Repeat the listing word for word. Leave every picture out.

-- SUPPLIED INFORMATION --
======
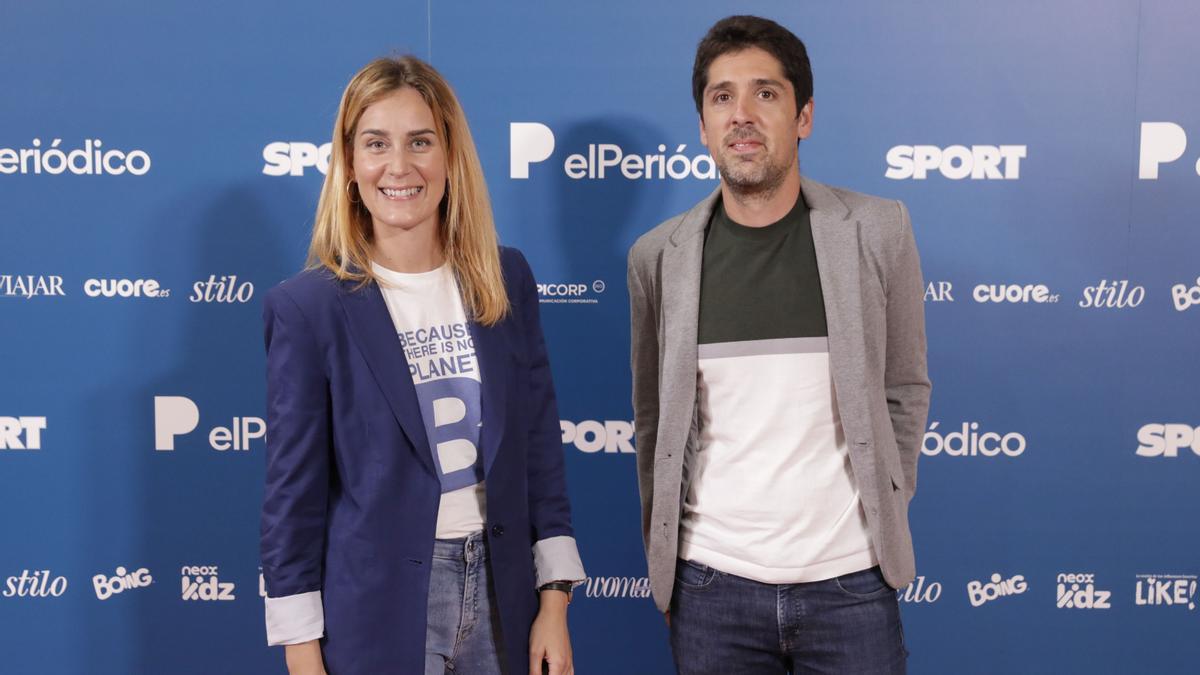 Jessica Albiach y David Cid, diputados de En Comú Podem, ante el photocall.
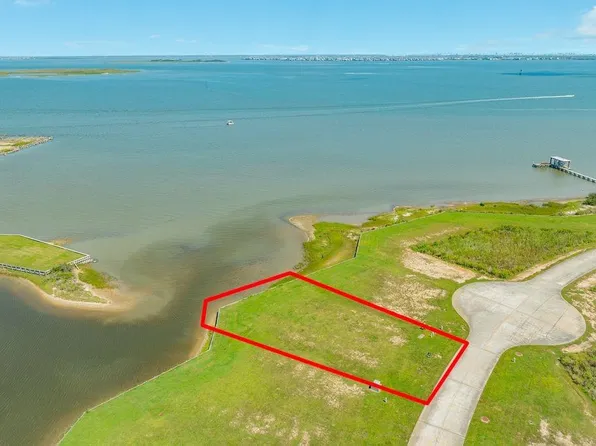 1506 Bay Pointe Dr, Galveston, TX 77554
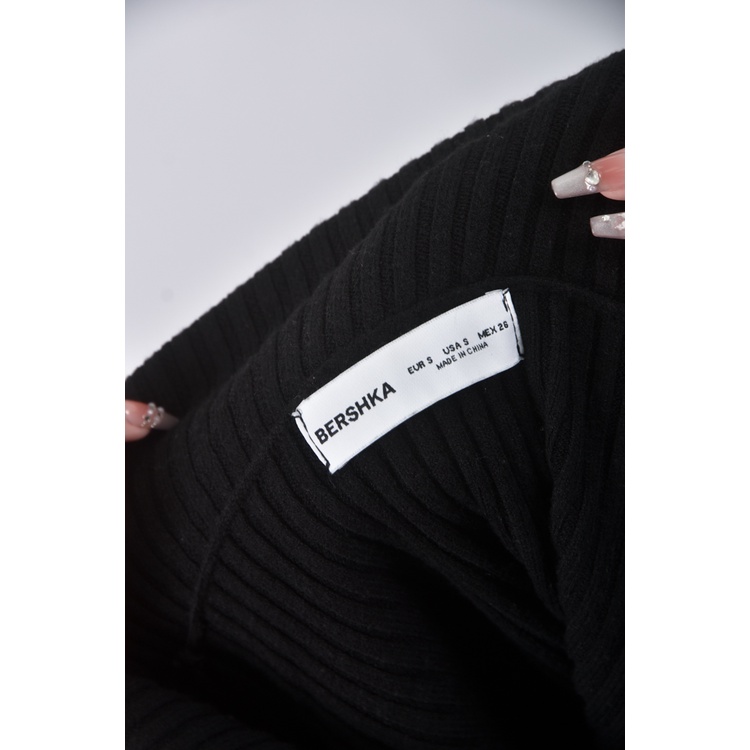 (S) 【安于晴Charlene私服】bershka質感修身短版黑色外套二手衣, , large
======
-- EXERCISE SOLUTION --
 Jessica Albiach y David Cid, diputados de En Comú Podem, ante el photocall.
 1506 Bay Pointe Dr, Galveston, TX 77554
 (S) 【安于晴Charlene私服】bershka質感修身短版黑色外套二手衣, , large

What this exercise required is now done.